Exactly the lines below, starting with the one containing "Welcome everybody, welcome" and going on through the one containing "So let's think", must be reproduced, both ends included, and no pictures with them.

### [RECORDS SUPPLIED]
--
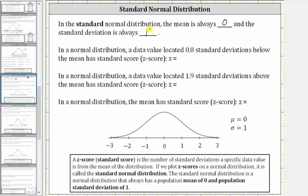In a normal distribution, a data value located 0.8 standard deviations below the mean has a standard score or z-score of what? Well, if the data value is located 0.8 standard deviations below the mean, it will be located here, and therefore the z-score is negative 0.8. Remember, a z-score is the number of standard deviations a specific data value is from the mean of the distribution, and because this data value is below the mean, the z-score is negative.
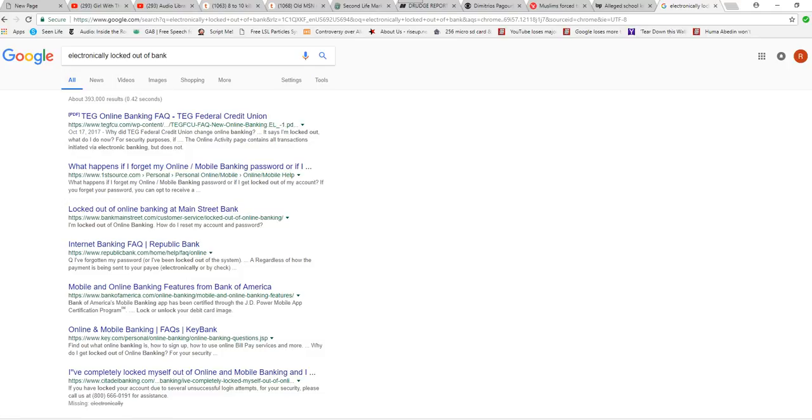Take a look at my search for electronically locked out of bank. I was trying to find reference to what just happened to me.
--
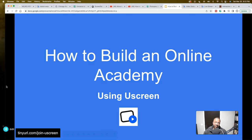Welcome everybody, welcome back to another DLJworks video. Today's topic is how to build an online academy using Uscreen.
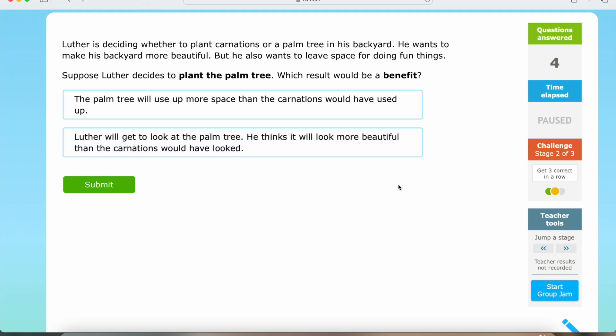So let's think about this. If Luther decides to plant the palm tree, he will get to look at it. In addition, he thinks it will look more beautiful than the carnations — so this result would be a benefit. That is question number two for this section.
--
### [RESPONSE]
Welcome everybody, welcome back to another DLJworks video. Today's topic is how to build an online academy using Uscreen.
So let's think about this. If Luther decides to plant the palm tree, he will get to look at it. In addition, he thinks it will look more beautiful than the carnations — so this result would be a benefit. That is question number two for this section.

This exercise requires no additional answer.